I'm posting this information for my friends who play Fire & Fury (both classic and regimental versions) as a possible house modification. FYI I tried this and locals universally hated it and much preferred the original 10-sided 'wild' dice.


Ray Rousell said...

Very interesting ideas, thanks!!

Rodger said...

Food for thought> Thanks Allan.

Steve-the-Wargamer said...

You diamond... :o)

Peter Douglas said...


You can get a similar result by using any of teh following
1) 2d6-1 or 2d6-2
2) 2d6 with a restated table so that a "1" on the table becomes "<=2" and "10" becomes "12+" etc

I'd be worried with using 2 differently modified types of d6. What if the Blue force uses two "A" dice and the Red force two "B" dice?

Also I'm not sure I buy your freinds statistics. BY my math Case 1 if as much as 36% off the normal curve for the outcomes 1 and 10!

But this is a great conversation trail. Nothing gets a gamers blood up like dice.

AJ (Allan) Wright said...

I'm not in a position to argue the accuracy of the statistical calculations with you as I'm a lowly computer scientist. I will say that my friend, is actually a co-worker with a PHD in mathematics and provides consulting services for the nuclear physicists at the University I work for. I trust his information implicitly.

Peter Douglas said...


Fair enough, it does depend on the parameter inputs and I didn't intend to start a statistical bunfight (I teach probability models at my University).

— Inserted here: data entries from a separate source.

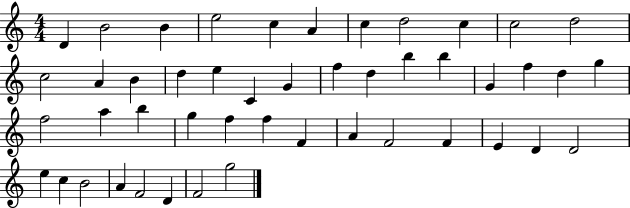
{
  \clef treble
  \numericTimeSignature
  \time 4/4
  \key c \major
  d'4 b'2 b'4 | e''2 c''4 a'4 | c''4 d''2 c''4 | c''2 d''2 | \break c''2 a'4 b'4 | d''4 e''4 c'4 g'4 | f''4 d''4 b''4 b''4 | g'4 f''4 d''4 g''4 | \break f''2 a''4 b''4 | g''4 f''4 f''4 f'4 | a'4 f'2 f'4 | e'4 d'4 d'2 | \break e''4 c''4 b'2 | a'4 f'2 d'4 | f'2 g''2 | \bar "|."
}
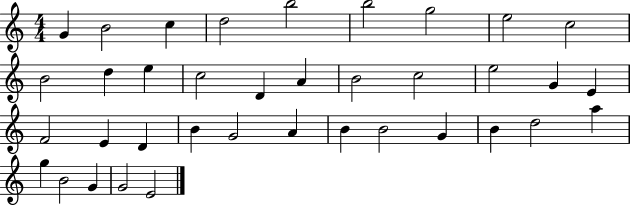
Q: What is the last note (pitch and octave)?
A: E4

I re-read your initial post and I was interested that the local gamers preferred the wild d10. I think that's the approach I would follow - go with the rules as written and use the randomness to stoke discussions in the bar after the battle! Plus if you go with the rules as is, then it's the writer's fault. If you go with a a home brew fix it's your fault!

Cheers, and enjoying your blog.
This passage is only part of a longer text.